ASSIGNMENT – Copy out exactly, from the entries that follow, the line holding "I don't know", the line holding "Then to a whole", and all lines between them, but no pictures.

MATERIAL SUPPLIED –
|---|

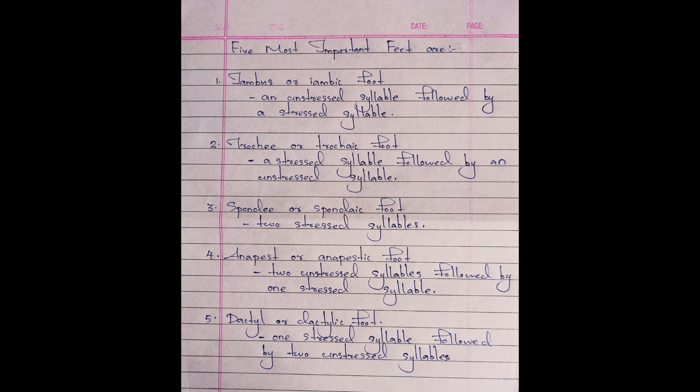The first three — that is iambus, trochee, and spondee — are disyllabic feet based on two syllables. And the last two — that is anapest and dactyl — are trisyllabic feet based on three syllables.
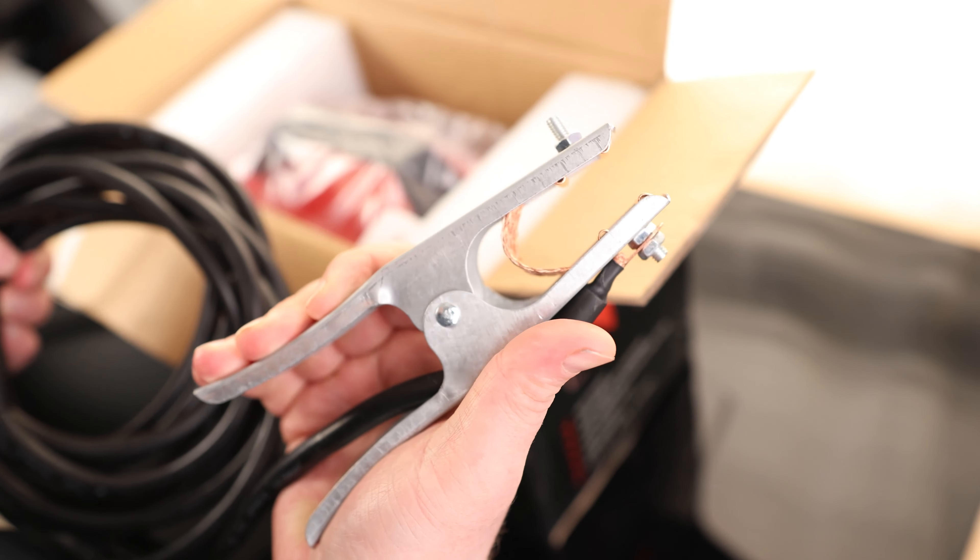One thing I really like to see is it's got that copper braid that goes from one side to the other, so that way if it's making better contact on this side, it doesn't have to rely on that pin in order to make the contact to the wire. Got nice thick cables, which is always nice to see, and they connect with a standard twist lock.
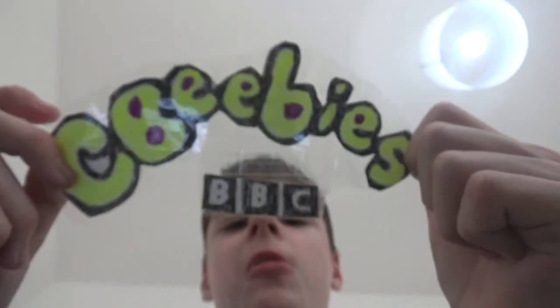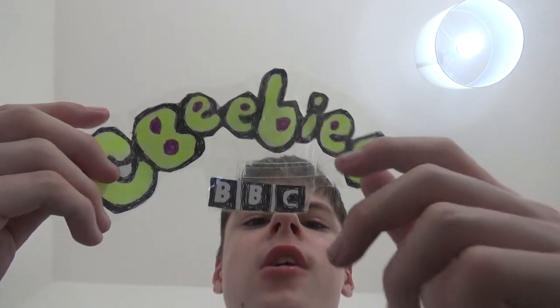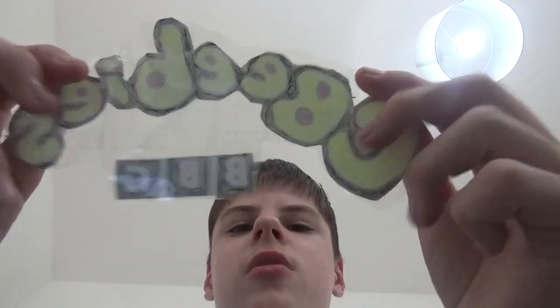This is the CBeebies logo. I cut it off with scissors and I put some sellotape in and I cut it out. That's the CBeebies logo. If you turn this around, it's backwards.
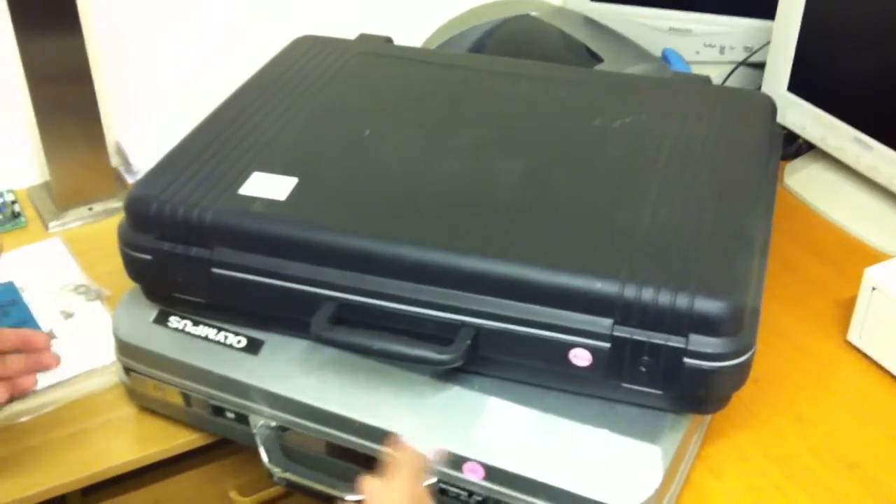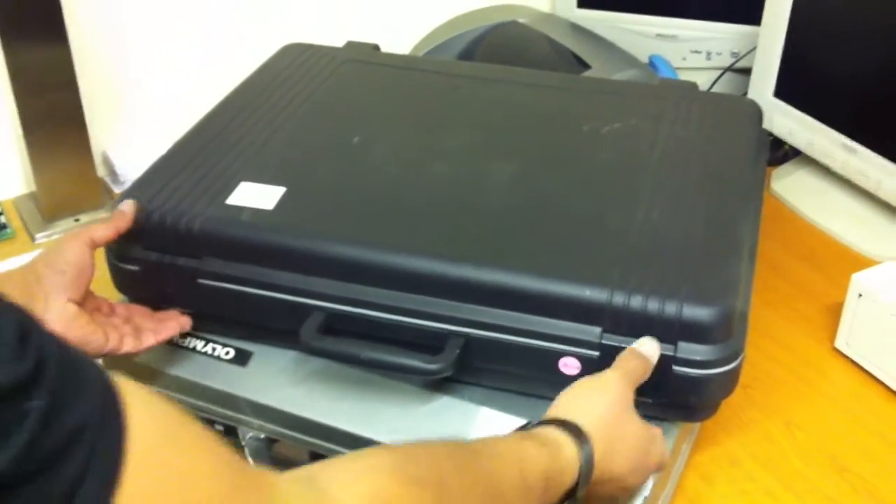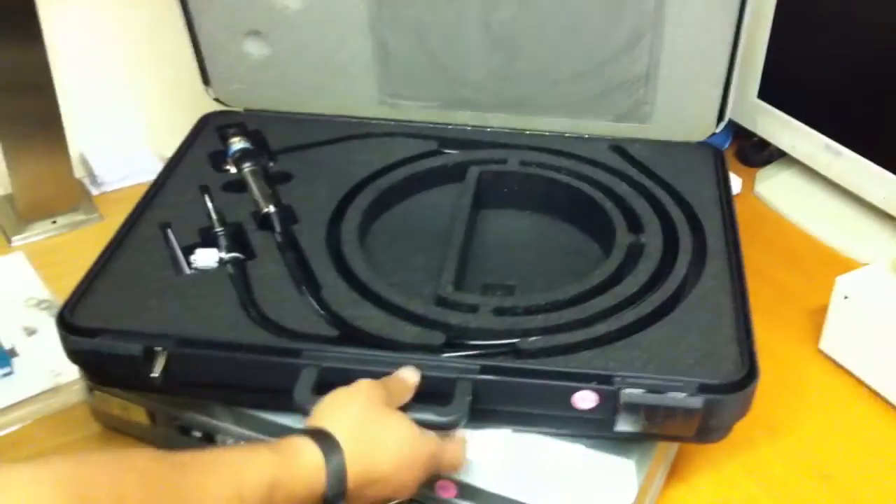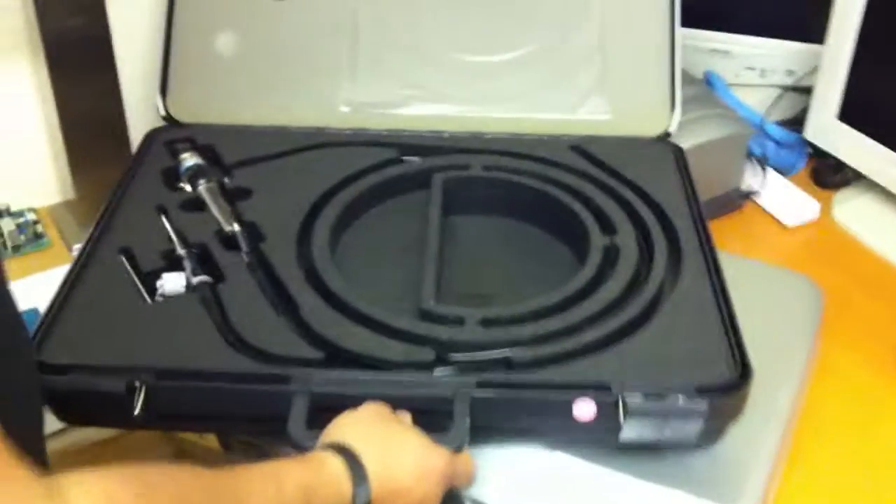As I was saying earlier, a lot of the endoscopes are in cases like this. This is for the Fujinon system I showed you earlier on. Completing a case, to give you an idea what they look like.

|---|

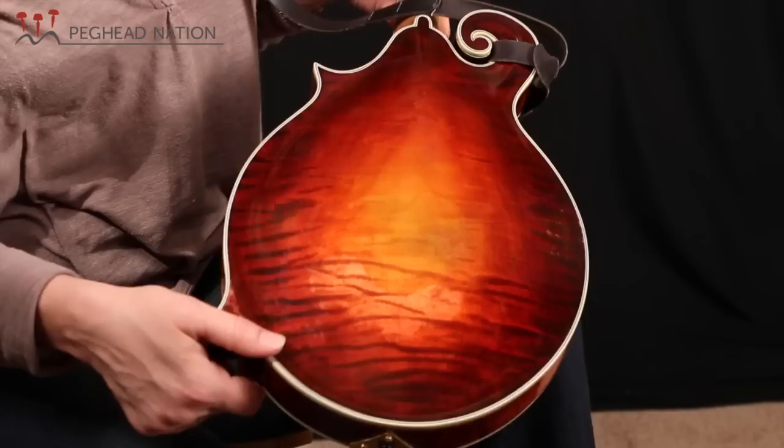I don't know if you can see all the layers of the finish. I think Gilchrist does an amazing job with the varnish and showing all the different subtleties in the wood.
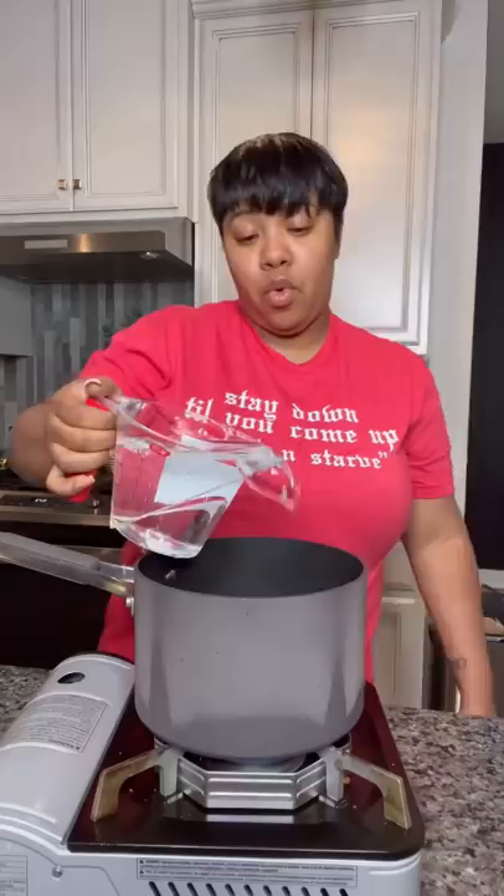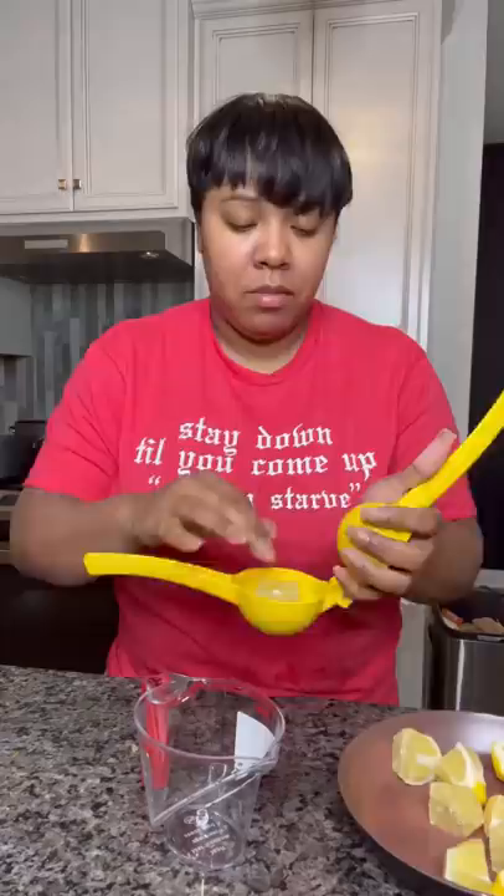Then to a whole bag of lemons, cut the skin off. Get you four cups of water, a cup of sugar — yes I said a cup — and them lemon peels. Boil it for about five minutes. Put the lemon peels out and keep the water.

|---|

RESPONSE BOX –
I don't know if you can see all the layers of the finish. I think Gilchrist does an amazing job with the varnish and showing all the different subtleties in the wood.
Then to a whole bag of lemons, cut the skin off. Get you four cups of water, a cup of sugar — yes I said a cup — and them lemon peels. Boil it for about five minutes. Put the lemon peels out and keep the water.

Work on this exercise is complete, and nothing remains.